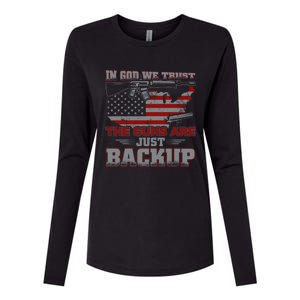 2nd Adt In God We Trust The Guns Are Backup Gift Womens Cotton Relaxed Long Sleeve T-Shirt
--
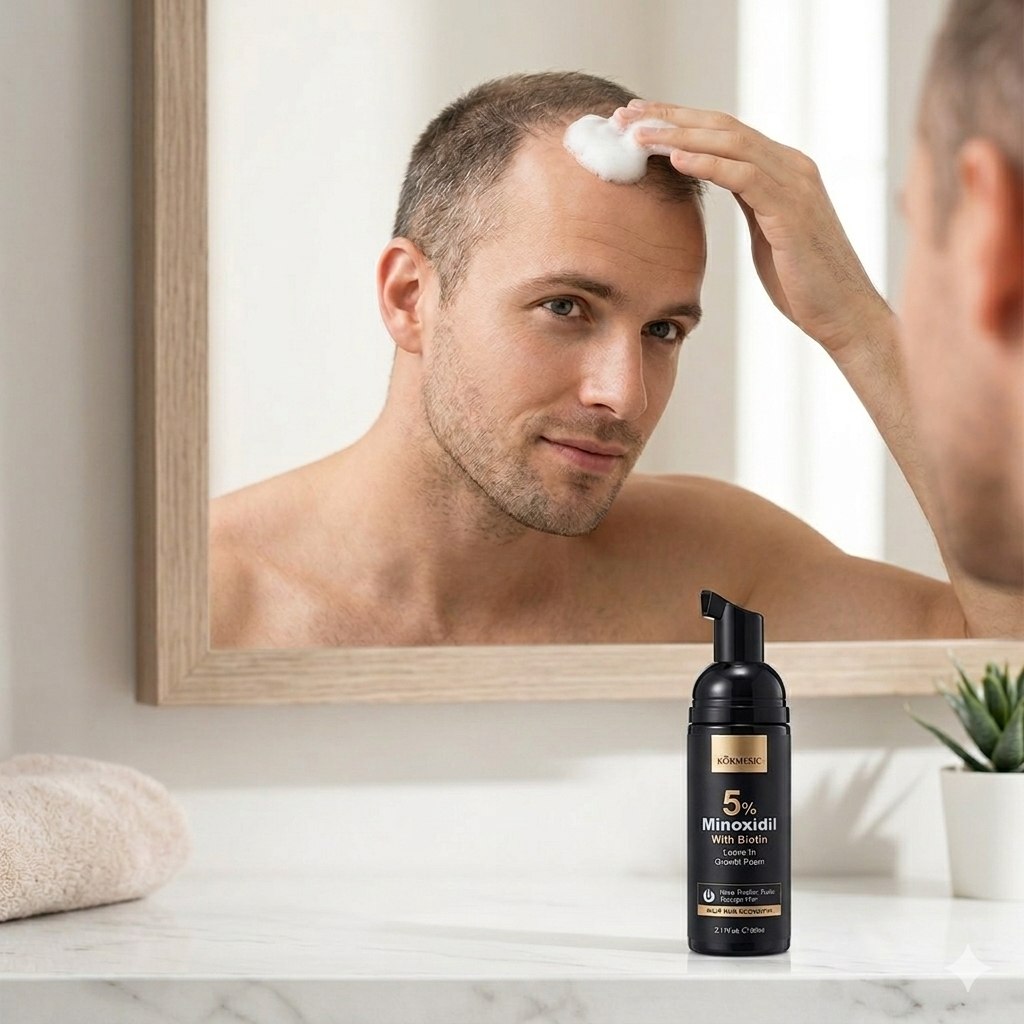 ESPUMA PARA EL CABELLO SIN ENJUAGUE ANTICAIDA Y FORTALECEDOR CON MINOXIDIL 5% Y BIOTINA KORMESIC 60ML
--
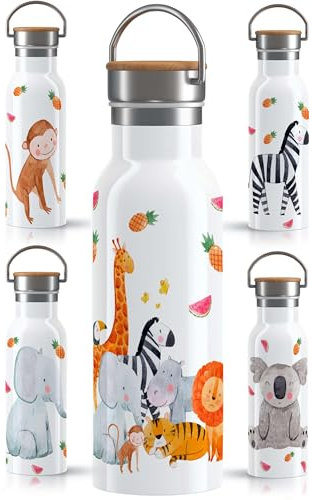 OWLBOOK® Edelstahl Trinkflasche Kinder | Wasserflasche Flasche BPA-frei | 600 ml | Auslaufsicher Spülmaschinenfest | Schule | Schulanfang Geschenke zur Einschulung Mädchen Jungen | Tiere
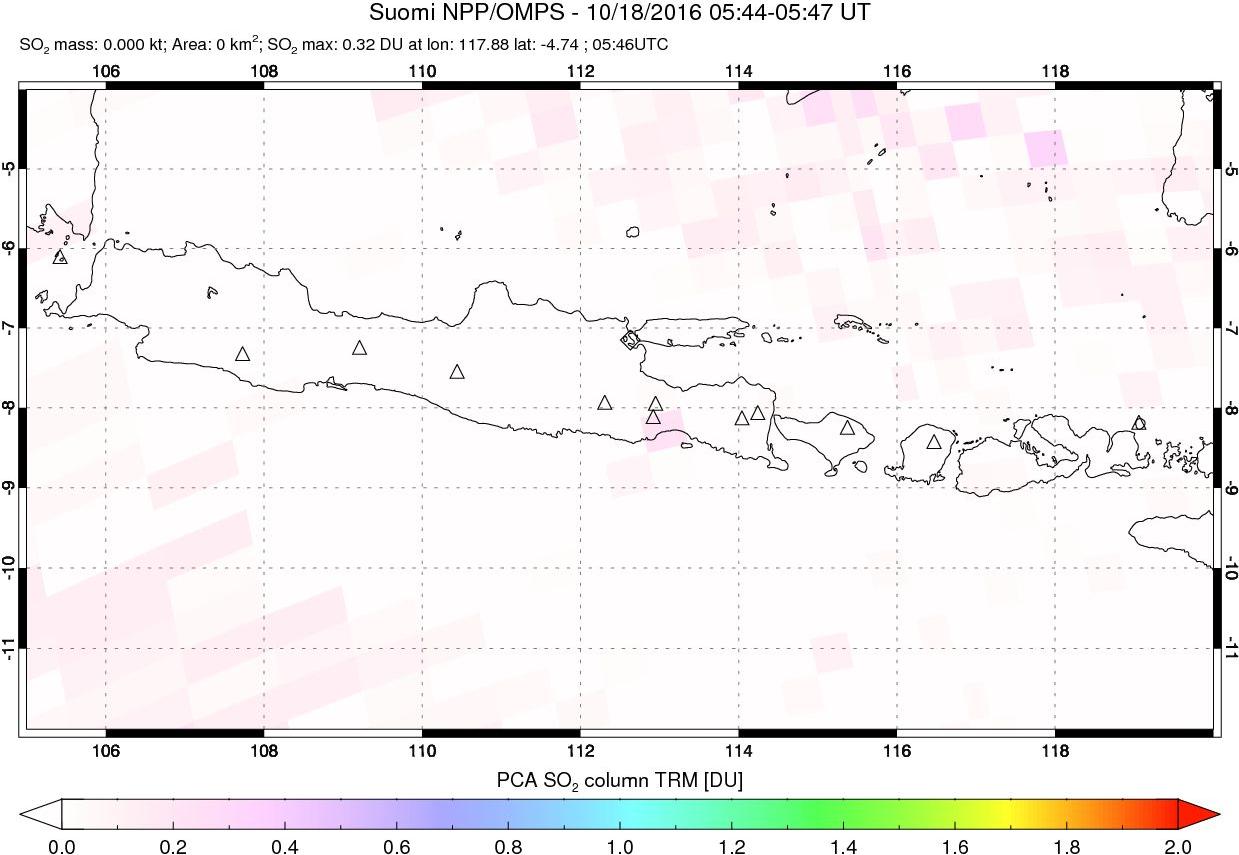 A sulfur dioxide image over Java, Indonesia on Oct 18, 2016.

• Exercise directions: Copy the lines above between the one holding "OWLBOOK® Edelstahl Trinkflasche" and the one holding "A sulfur dioxide", inclusive. Drop the pictures.

• Finished exercise:
 OWLBOOK® Edelstahl Trinkflasche Kinder | Wasserflasche Flasche BPA-frei | 600 ml | Auslaufsicher Spülmaschinenfest | Schule | Schulanfang Geschenke zur Einschulung Mädchen Jungen | Tiere
 A sulfur dioxide image over Java, Indonesia on Oct 18, 2016.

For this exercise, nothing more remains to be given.